In discrete Markov and network settings, analogues of the JKO scheme can be devised using nonlocal transport metrics tailored to the generator, achieving convergence to continuum diffusivities under mesh refinement (Erbar et al., 2012, Forkert et al., 2020).

6. Generalizations, Function Spaces, and Future Directions

The entropic gradient flow paradigm generalizes to:

Fisher–Rao Geometry: In mean-field games and min-max optimization with entropic regularization, the Fisher–Rao metric underlies birth–death flows that guarantee exponential convergence and admit explicit Lyapunov functions (Lascu et al., 2024).
Hellinger–Kantorovich Geometry: Nonlinear Fokker–Planck and reaction-diffusion equations are entropic gradient flows in an unbalanced OT metric, crucial for models involving creation/annihilation of mass (Kondratyev et al., 2017).
Curves, Image Processing, Quantum Gravity: Entropic action functionals founded on quantum or information-theoretic relative entropy give rise to gradient flows in geometric settings, such as flows of planar curves or the anisotropic diffusion (Perona–Malik) in image processing (Bianconi, 18 Mar 2025, O'Donnell et al., 2021).

Future research encompasses further abstraction to generalized dissipation potentials (beyond quadratic), connection with control theory, stochastic processes with constraints, and non-equilibrium thermodynamics, including recent formulations identifying entropy as a Noether charge—invariant under continuous symmetries in the Hamiltonian action, unifying reversibility and macroscopic conservation (Beyen et al., 2024).

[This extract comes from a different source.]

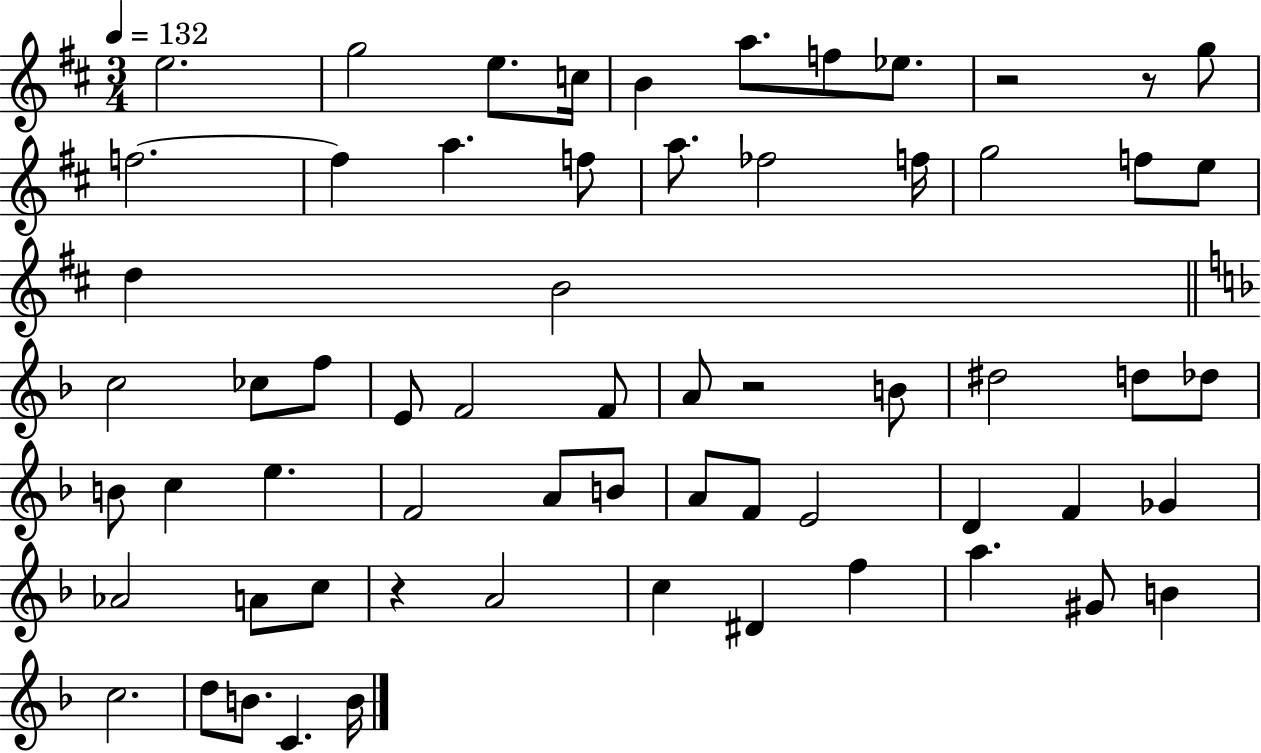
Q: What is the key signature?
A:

7. Summary Table: Principal Entropic Gradient Flows and Geometries

Setting / PDE	Metric / Geometry	Driving Functional	Reference
Heat / Fokker–Planck ( $\partial_t\rho = \Delta\rho$ )	$W_2$ (Wasserstein)	Entropy $H(\rho)$	(Carlier et al., 2015, Adams et al., 2012, Karatzas et al., 2020)
Entropic OT / Sinkhorn-JKO	Sinkhorn divergence	$E(\mu) + D_\varepsilon$	(Hardion et al., 18 Nov 2025, Peyré, 2015)
Discrete Markov chains	Discrete transport metric	Entropy H	(Maas, 2011)
Boltzmann / Landau equations	Collision/Landau distance	Boltzmann entropy	(Erbar, 2016, Carrillo et al., 2020)
Hellinger–Kantorovich reaction-diffusion	HK metric (unbalanced OT)	Free energy $\mathcal E$	(Kondratyev et al., 2017)
Fisher–Rao min-max games	Fisher–Rao (information)	Relative entropy $D_{KL}$	(Lascu et al., 2024)
Perona–Malik, quantum gravity	Info-geometry (operator)	Quantum rel. entropy	(Bianconi, 18 Mar 2025)

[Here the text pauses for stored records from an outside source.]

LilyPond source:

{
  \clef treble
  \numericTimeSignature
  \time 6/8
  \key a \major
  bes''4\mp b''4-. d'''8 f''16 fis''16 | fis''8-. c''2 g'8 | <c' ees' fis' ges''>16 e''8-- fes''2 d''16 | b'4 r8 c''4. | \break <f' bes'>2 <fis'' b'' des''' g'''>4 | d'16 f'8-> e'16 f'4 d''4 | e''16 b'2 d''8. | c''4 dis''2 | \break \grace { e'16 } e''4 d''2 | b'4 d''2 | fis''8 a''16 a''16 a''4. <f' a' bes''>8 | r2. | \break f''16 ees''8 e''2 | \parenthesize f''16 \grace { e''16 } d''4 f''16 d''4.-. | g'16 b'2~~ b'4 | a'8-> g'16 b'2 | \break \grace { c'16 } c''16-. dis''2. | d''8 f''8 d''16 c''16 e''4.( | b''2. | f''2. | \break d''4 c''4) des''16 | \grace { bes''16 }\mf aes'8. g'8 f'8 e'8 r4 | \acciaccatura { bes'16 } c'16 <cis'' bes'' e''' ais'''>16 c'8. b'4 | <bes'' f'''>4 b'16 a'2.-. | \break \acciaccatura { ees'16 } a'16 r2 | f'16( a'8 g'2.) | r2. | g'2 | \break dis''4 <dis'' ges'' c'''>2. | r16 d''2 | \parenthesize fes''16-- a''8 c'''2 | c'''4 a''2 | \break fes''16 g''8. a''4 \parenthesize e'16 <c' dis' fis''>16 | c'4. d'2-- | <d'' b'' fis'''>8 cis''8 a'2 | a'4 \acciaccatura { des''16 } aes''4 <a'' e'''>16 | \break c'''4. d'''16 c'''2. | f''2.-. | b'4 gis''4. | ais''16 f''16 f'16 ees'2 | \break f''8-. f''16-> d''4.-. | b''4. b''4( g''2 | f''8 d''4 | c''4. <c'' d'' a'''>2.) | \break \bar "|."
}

The unifying principle of entropic gradient flow is the identification of a suitable entropy-related functional as the gradient flow generator in a Riemannian or sub-Riemannian metric structure determined by the relevant physical, probabilistic, or geometric constraints. This enables a general framework for evolution equations, variational approximation schemes, and efficient algorithms with strong theoretical guarantees for convergence and stability across diverse settings (Carlier et al., 2015, Hardion et al., 18 Nov 2025, Forkert et al., 2020, Adams et al., 2010, Adams et al., 2012, Beyen et al., 2024).